EXTRACTED RECORDS:
/---

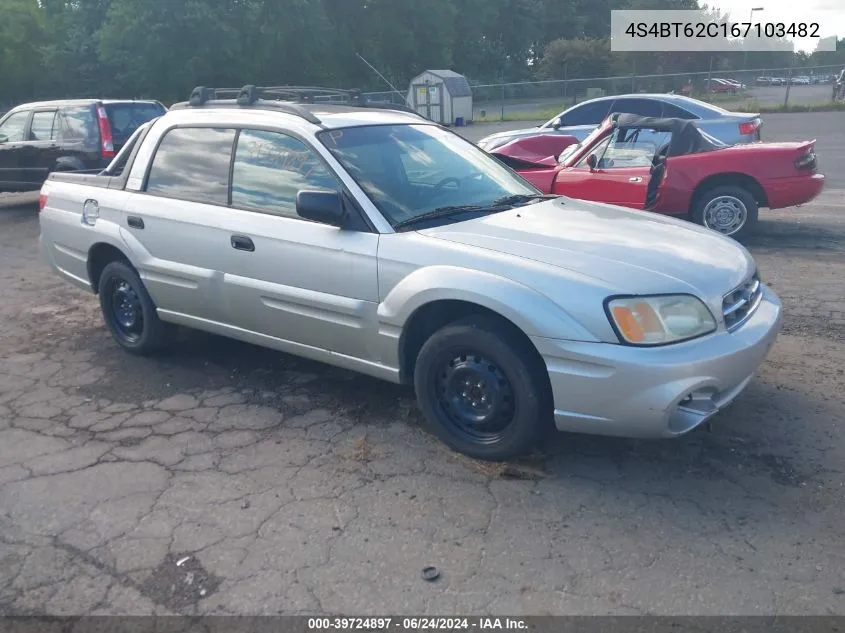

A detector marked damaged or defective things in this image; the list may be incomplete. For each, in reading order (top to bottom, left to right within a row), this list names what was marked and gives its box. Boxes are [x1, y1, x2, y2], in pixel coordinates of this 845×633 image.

cracked asphalt [1, 113, 844, 612]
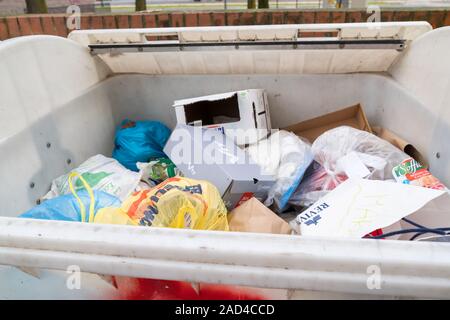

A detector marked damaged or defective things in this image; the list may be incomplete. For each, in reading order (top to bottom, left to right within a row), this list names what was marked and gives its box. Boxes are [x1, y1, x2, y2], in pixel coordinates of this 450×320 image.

torn cardboard [173, 89, 270, 146]
torn cardboard [284, 104, 370, 142]
torn cardboard [163, 123, 274, 210]
torn cardboard [372, 126, 428, 169]
torn cardboard [229, 198, 292, 235]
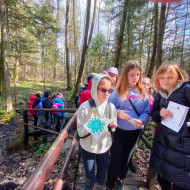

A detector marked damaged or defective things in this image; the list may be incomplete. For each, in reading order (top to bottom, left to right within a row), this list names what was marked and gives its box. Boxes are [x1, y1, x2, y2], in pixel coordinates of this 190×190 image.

rusty metal pipe [23, 113, 77, 189]
rusty metal pipe [53, 131, 78, 190]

\---

TO DO:
Lines before the one containing "this 450×320 image." are not wanted; repeat that line and the rest of the listing exactly, leaving out pictures.

PROBLEM SOLUTION:
A detector marked damaged or defective things in this image; the list may be incomplete. For each, in reading order (top to bottom, left to right within a row), this list names what was marked and gives its box. Boxes are [x1, y1, x2, y2], in pixel coordinates of this 450×320 image.

torn cardboard [173, 89, 270, 146]
torn cardboard [284, 104, 370, 142]
torn cardboard [163, 123, 274, 210]
torn cardboard [372, 126, 428, 169]
torn cardboard [229, 198, 292, 235]

A detector marked damaged or defective things in this image; the list may be incomplete. For each, in reading order (top to bottom, left to right within a row), this list names what was marked and gives its box. Boxes are [x1, y1, x2, y2], in pixel coordinates of this 190×190 image.

rusty metal pipe [23, 113, 77, 189]
rusty metal pipe [53, 131, 78, 190]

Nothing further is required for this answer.